Why social enterprise?

Warning! Embarking on a social enterprise is not for the faint-hearted.

Required are the following attributes … vision, tenacity, endurance, some funds, the ability to tell your story, patience and most importantly – the right people in your team.

Added to those qualities, you need to be able to provide potential funders with robust reporting mechanisms to prove the impact you are creating / have created. You have an obligation to funders results.

Social enterprise can be defined as...

“A revenue-generating business with primarily social objectives whose surpluses are reinvested for that purpose in the business or in the community, rather than being driven by the need to deliver profit to shareholders and owners.”

Maybe this will explain it better

Mamma's Laef as a social enterprise

In the Vanuatu landscape, our social enterprise is a registered business, owned by ni Vanuatu. Our mandate is to cover our costs but with a focus on providing

– multi-level supports to ni Vanuatu
– develop employment skills
– develop business skills
– provide incomes
– provide education around a tricky topic to discuss in Vanuatu
– provide quality menstrual products (and others too).

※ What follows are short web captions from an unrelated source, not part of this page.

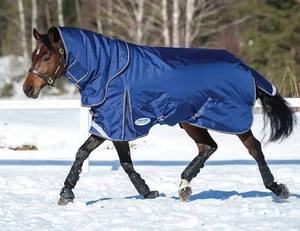 Couverture d'extérieur imperméable pour chevaux de qualité supérieure, en polyester Ripstop 600D/1200D, avec rembourrage en polaire 50-350g, protection hivernale - Product Image 4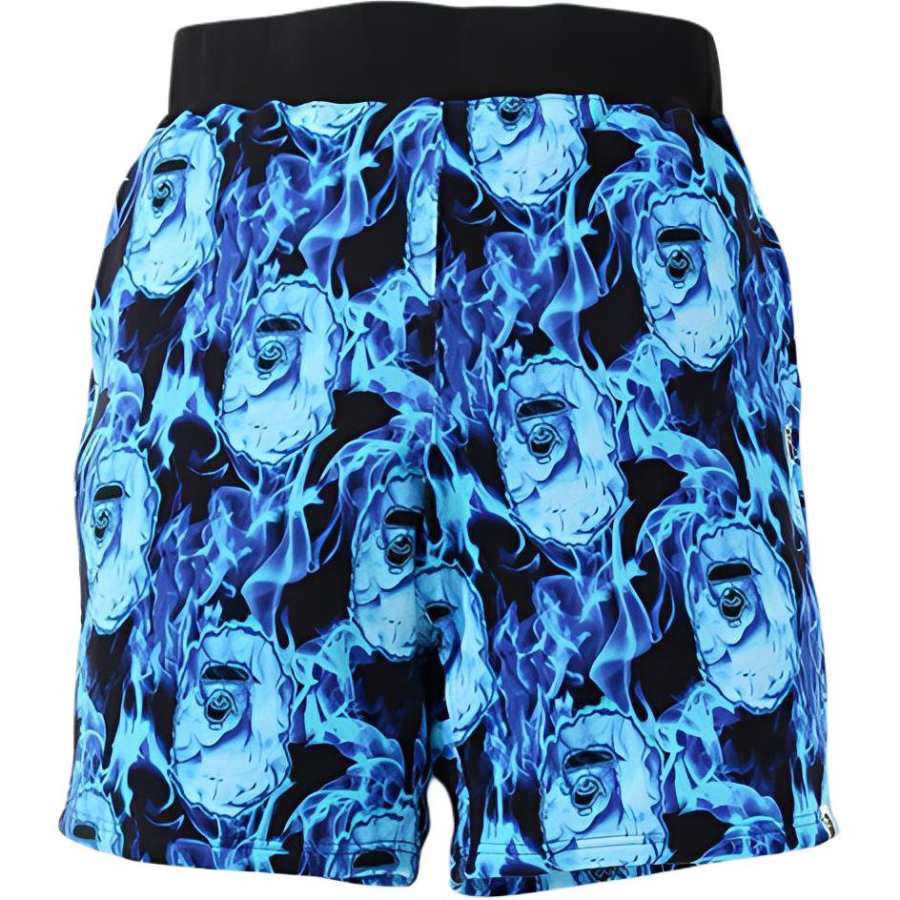 A BATHING APE Head Series Casual Shorts Unisex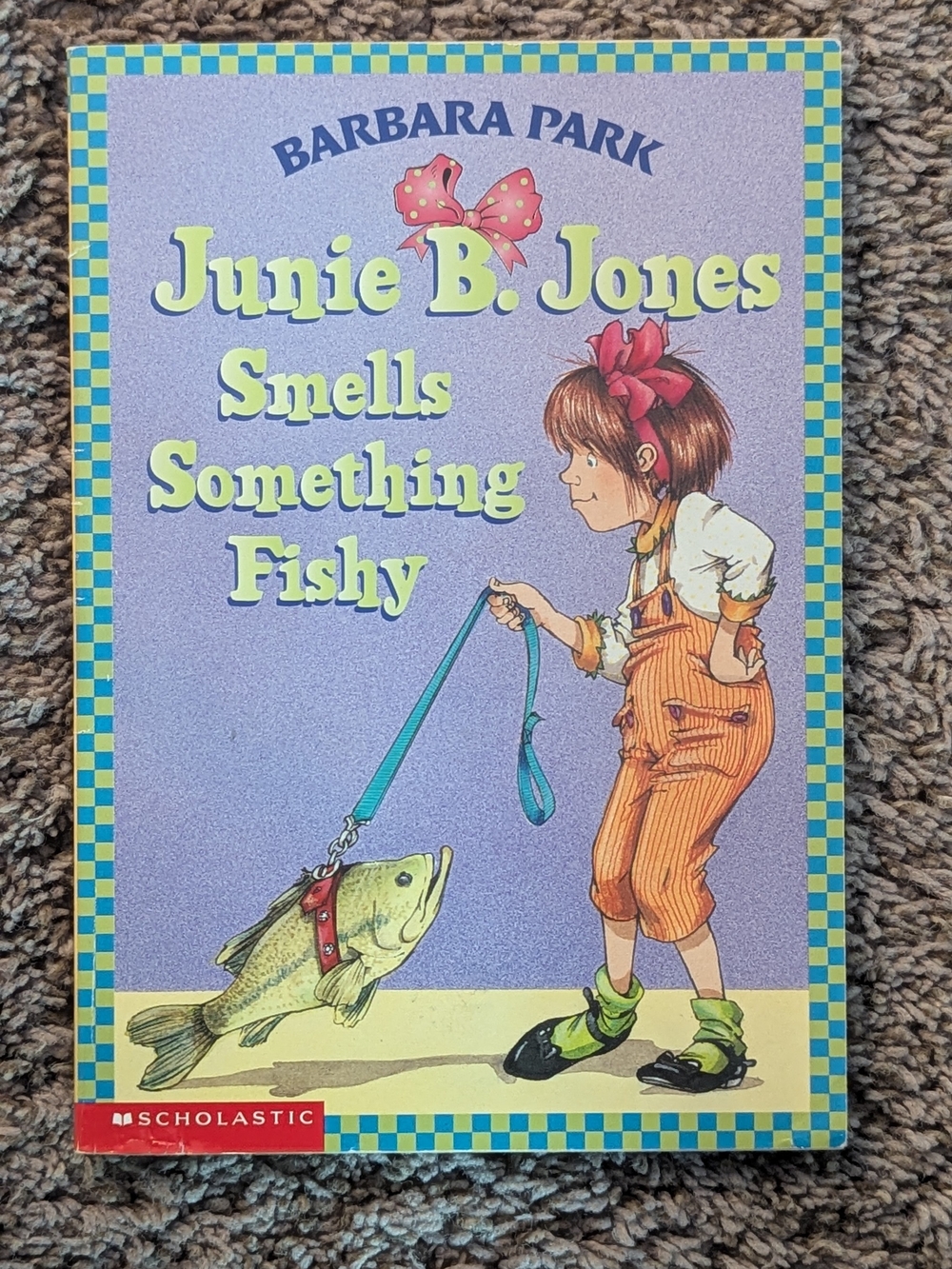Junie B. Jones Smells Something Fishy Barbara Park Scholastic Book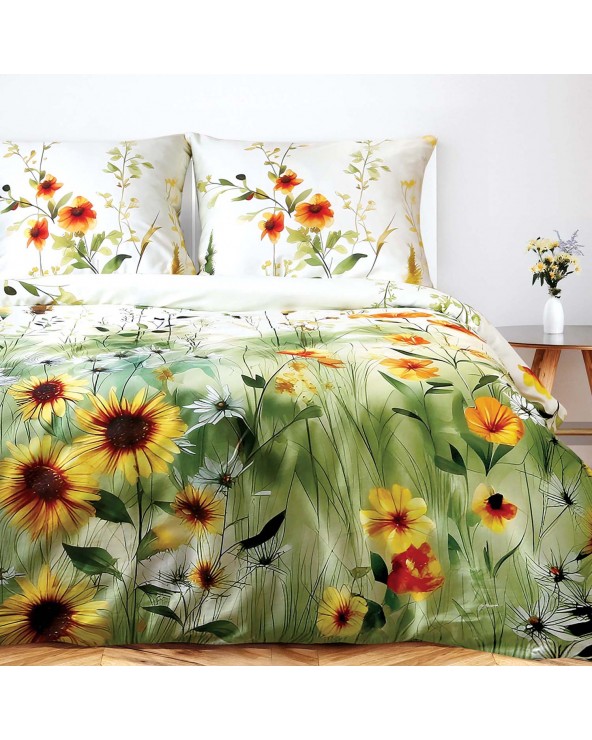 Pościel satyna bawełniana 140x200 + 1x70x80cm 12419 SATYNLOVE PREMIUM Darymex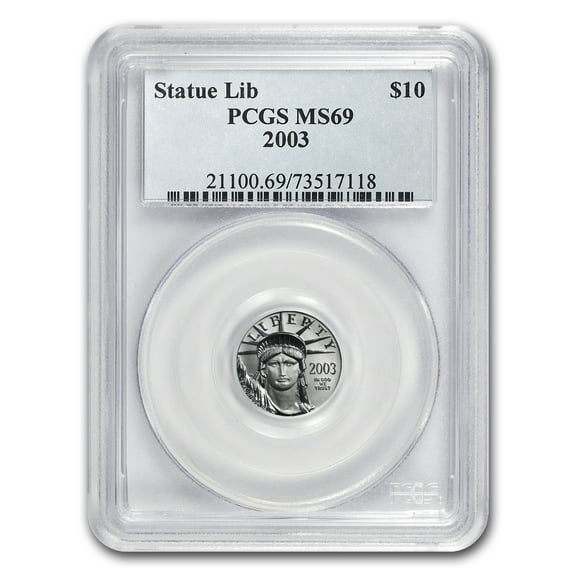 2003 1/10 oz American Platinum Eagle MS-69 PCGS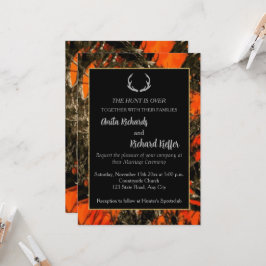 Hunt är över inbjudningen till Camouflage Wedding. Inbjudningar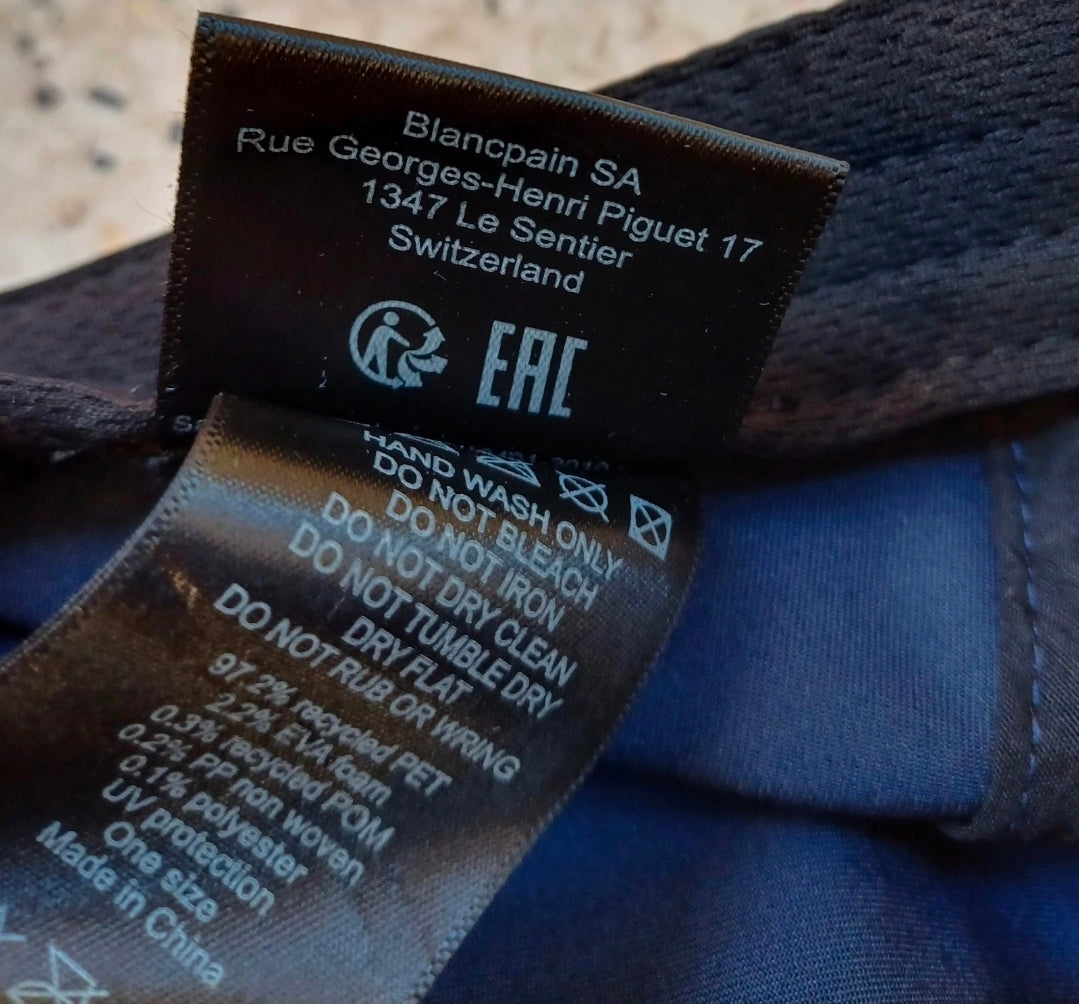 Blancpain Watch Ocean Commitment Anti UV 5 Panel Cap One Size Adjustable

You can’t expect a small project to go from zero to hero overnight.

We’ve taken a gentle approach, and embedding skill development along the way – it all takes time and it all takes money.

That is the beauty of the way we have structured Mamma’s Laef, as a social enterprise.

Yes, we want to be financially sustainable.

But, when you have started from zero, you do need a helping hand.

Given that Vanuatu is a “least developed nation”, we acknowledge a helping hand is needed.

We have “skin in the game” and this is our home.

Donation vs. in-country Enterprise

For years, developed nations have given to poorer nations time after time after time after time. Valuable lessons have been learnt along the way. In times of humanitarian disasters (climate or otherwise), donations can be a rapid way of supporting the immediate needs of a community / nation and no one can deny that this approach provides immediate impact, because it is generally done in a coordinated and country led way.

Where mass donations can go terribly wrong, sometimes with disastrous consequences, when well meaning people donate products without thought about HOW to distribute and WHO will receive the products.

This article gives a picture of what can go wrong.

When it comes to longer term supports for a least developed nation, some International, it is recognised that working with a community can provide sustainable, longer lasting positive impacts. That is what we can achieve by being on the ground, and knowing the context of our fellow in Vanuatu.

Mamma’s Laef Charitable Trust

The Charitable Trust is a formal way of ensuring we can support what is happening at a grassroots level, in Vanuatu.

Together the two entities have a VISION to be “Supporting women to control their future”. Our MISSION Statement describes how we do this; “Mamma’s Laef empowers women by providing sustainable menstrual products, creating social enterprise, and breaking taboos about menstruation.”

As a result of being awarded recognition in the Frontier Innovators programme in (DFAT) in 2018, Mamma’s Laef Charitable Trust was formed, to formally support the development of Mamma’s Laef Vanuatu (a ni-Vanuatu owned and operated social enterprise, trading as a business).